Why your new years resolution will fail
I don’t want to sound too negative, but let me tell you why your new years resolution will fail. Simply because you don’t really want to change! Let me explain.
Simply put, if you really wanted to make a change, you would have started by now. The only reason to wait until Jan 1st is because you have doubts, hesitations, or are only doing it because you feel you must. Definitely not because you want to.
And change is hard. Trust me. If you want to make a positive change you must really, really want it. Otherwise old habits will win. I recently decided it was time to loose weight and was able to drop 30 lbs, not due to any resolution, and not on my first try either. I did it because I crossed the line into “Obesity” and finally decided enough is enough. When I wanted it enough the change came soon enough.
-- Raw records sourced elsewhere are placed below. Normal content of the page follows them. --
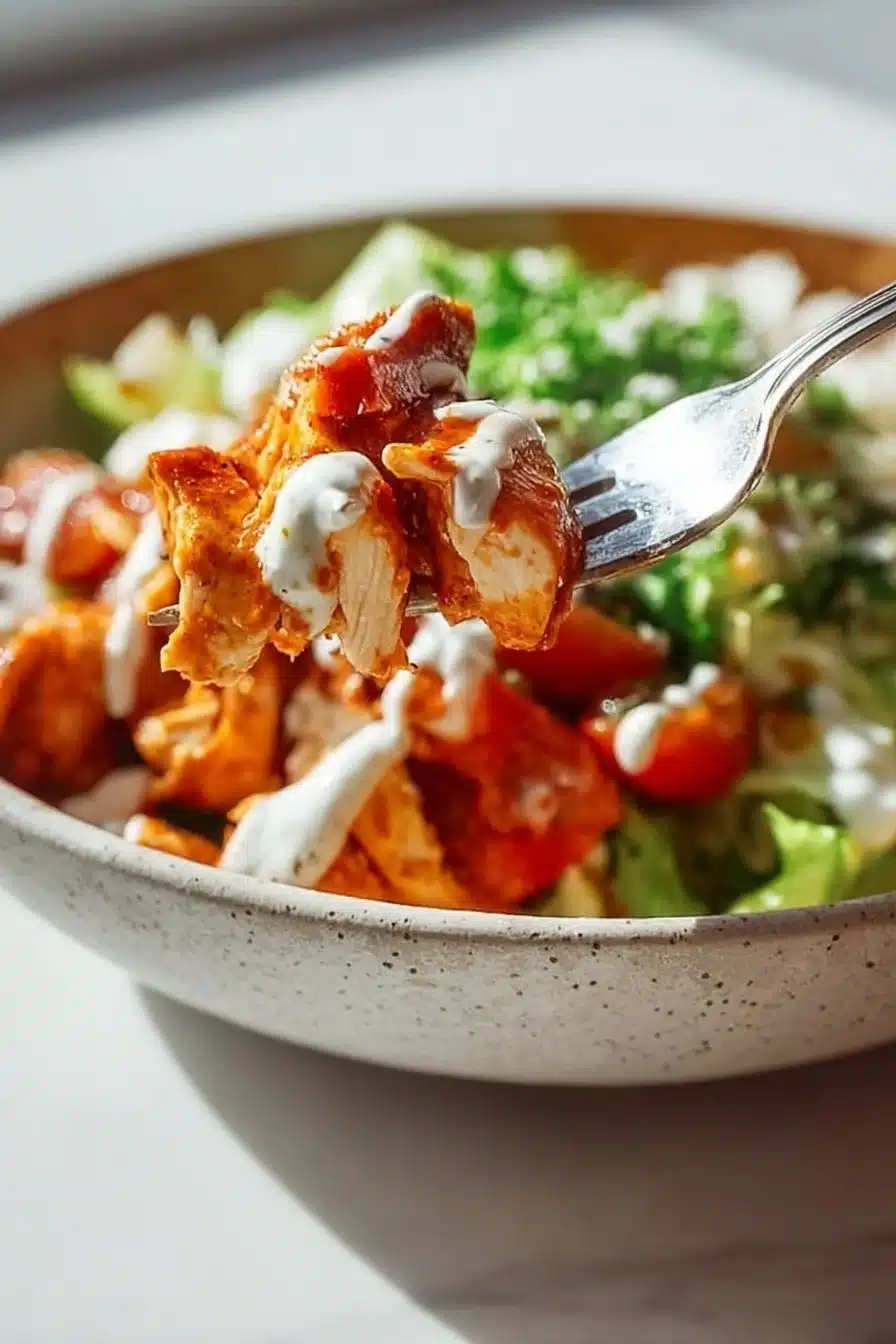 Deconstructed Buffalo Chicken Salad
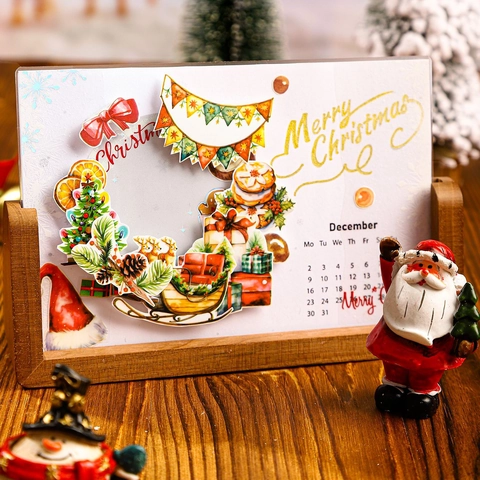Vintage Christmas PET Japanese Paper Sticker Book Decorative Christmas Promise Theme Scrapbooking Journaling Material Stickers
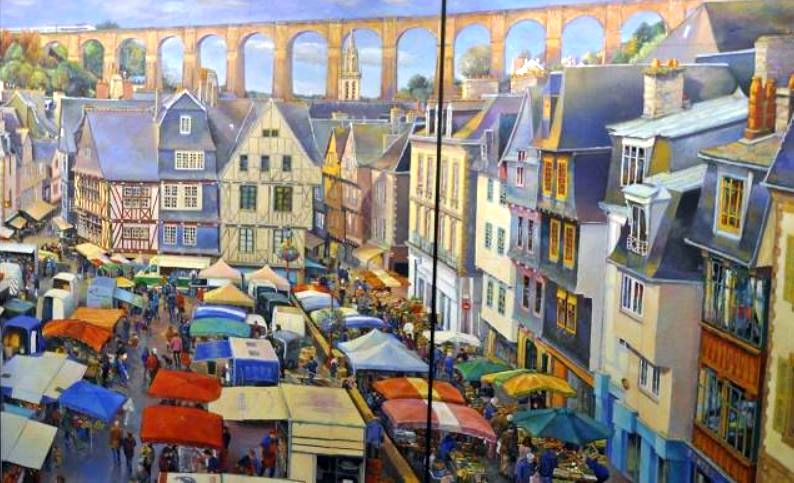 Morlaix par herv&eacute; Chateau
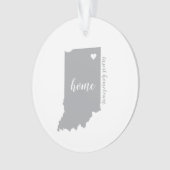 Indiana Hometown Personalized Ornament (voorkant)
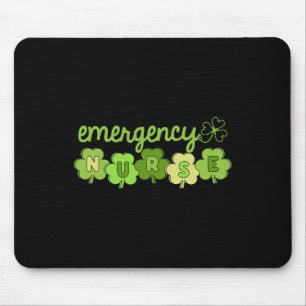 Emergency Department Nurse Shamrocks Er Rn Ed St P Mouse Pad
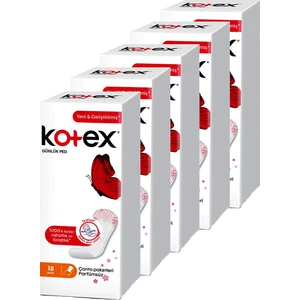 Ince Günlük Parfümsüz Ped 18'li 5'li Set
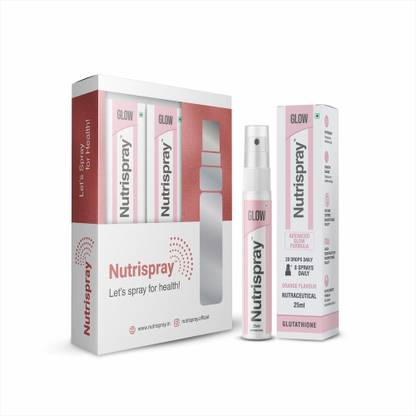 Nutrispray Glutathione Glow Mouthspray, For Glowing Skin, Reduces Pigmentation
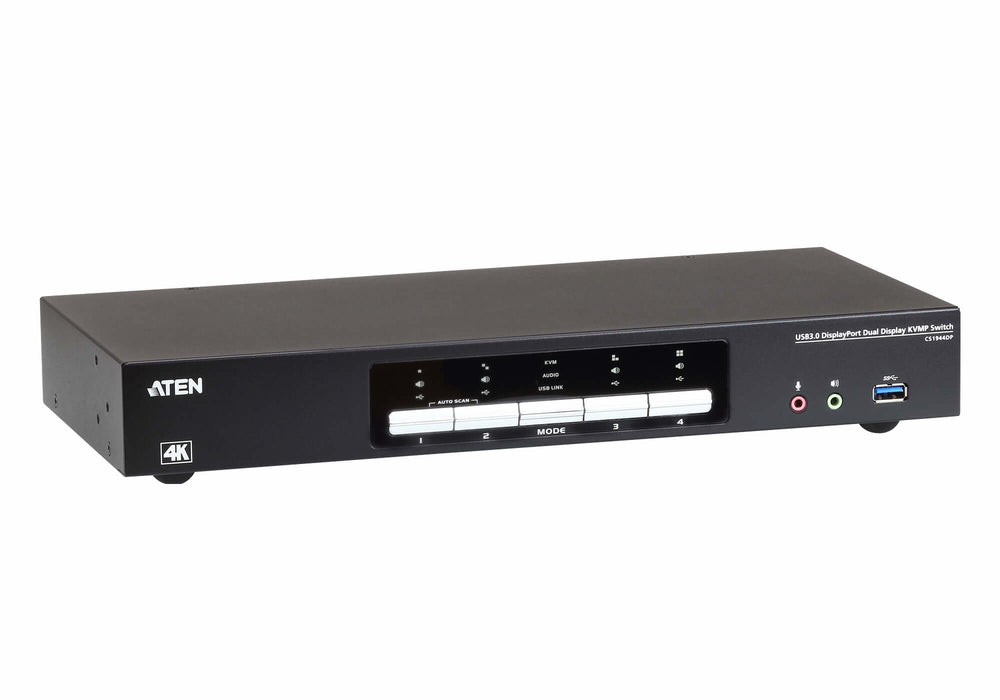 EAN 4719264645969 - ATEN CS1944DP-AT-G interruptor KVM Negro imagen 4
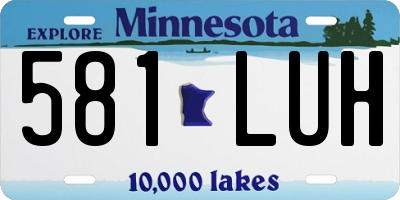 MN license plate 581LUH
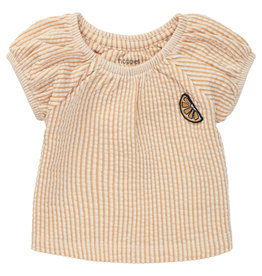 Noppies Girls Tee Shortsleeve striped Alexandra Amber Gold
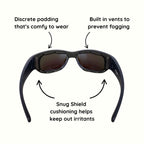 Black Charcoal Kids Sunglasses with REVO Lens, Snug Fit, Ages 3-5, image 5.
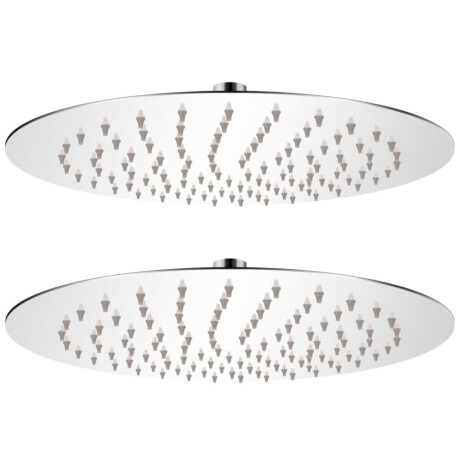 vidaXL Regendouchekop 2 st rond 25 cm roestvrij staal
So if you really do want to make a change, but don’t yet have that gut wrenching feeling that it must happen, perhaps the question is not what your resolution should be, but what can you do to get motivated?
There are many good tips on how to set goals, including an concise summary from Mike King over at learnthis.ca. Unfortunately, getting motivated is a more personal endeavor, so all I can do is make some vague suggestions:
- Research the consequences of in-action.
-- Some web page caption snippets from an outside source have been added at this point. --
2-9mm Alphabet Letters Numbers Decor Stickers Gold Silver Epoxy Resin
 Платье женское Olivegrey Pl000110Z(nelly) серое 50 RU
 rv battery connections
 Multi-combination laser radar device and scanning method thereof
- Research the benefits of change.
- Find role models that exhibit the behavior you desire.
- Include others – ask for support / encouragement. Make public commitments.
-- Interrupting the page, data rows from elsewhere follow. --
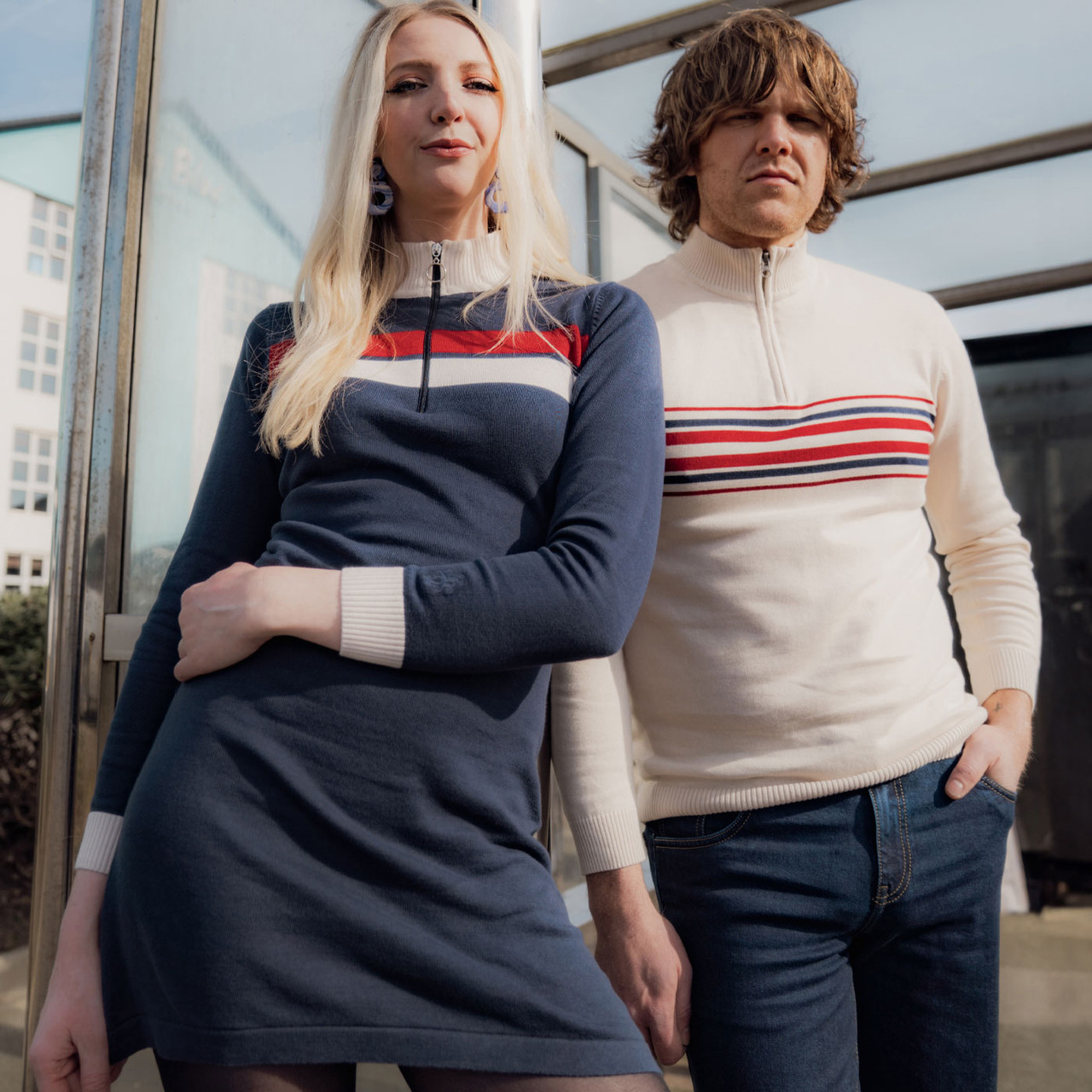 Alice Madcap England Mod Knitted Funnel Neck Dress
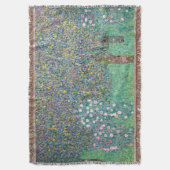 Gustav Klimt - Rozenstruiken onder de Bomen Deken (Voorkant Verticaal)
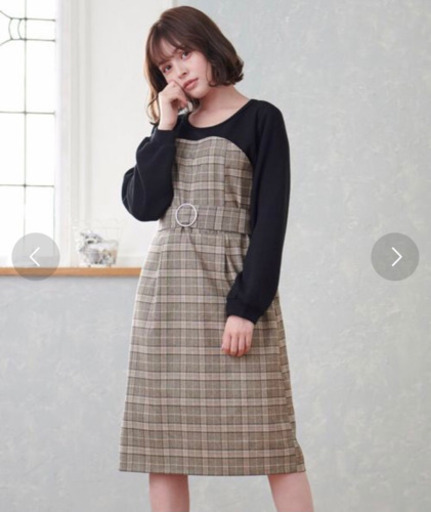 Majestic Legon チェックドッキングワンピース あい 八王子のワンピースの中古 古着あげます 譲ります ジモティーで不用品の処分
- Write down your goal, and then track it. Ideally publicly.
- Identify many small / easy changes to help keep motivation up.
- Celebrate successes.
- Ignore temporary setbacks.
For example, when I decided it was time to loose weight it was because I crossed the threshold into “obesity” (if you believe in BMI). This was enough for me to finally realize the many health risks I already knew definitely applied to me. Then I talked with my wife, and set a personal goal. I wrote this down and then began tracking my weight and body fat. Finally I broke down my goal into many small changes such as “No eating cheese except on pizza”, “No butter”, “Only meat once per day”, “Desserts/snacks rarely, and then only 1 serving at a time”. By being realistic (such as allowing cheese on pizza – my personal favorite meal) my changes were easier to stick with. There were many failures along the way, but I took each one as an opportunity to refocus.
In the end I realize there is no end. Old habits never really die, and keeping motivated is an ongoing challenge. So figure out what works for you, make a plan, adjust as necessary, and change for the better. But not till your ready.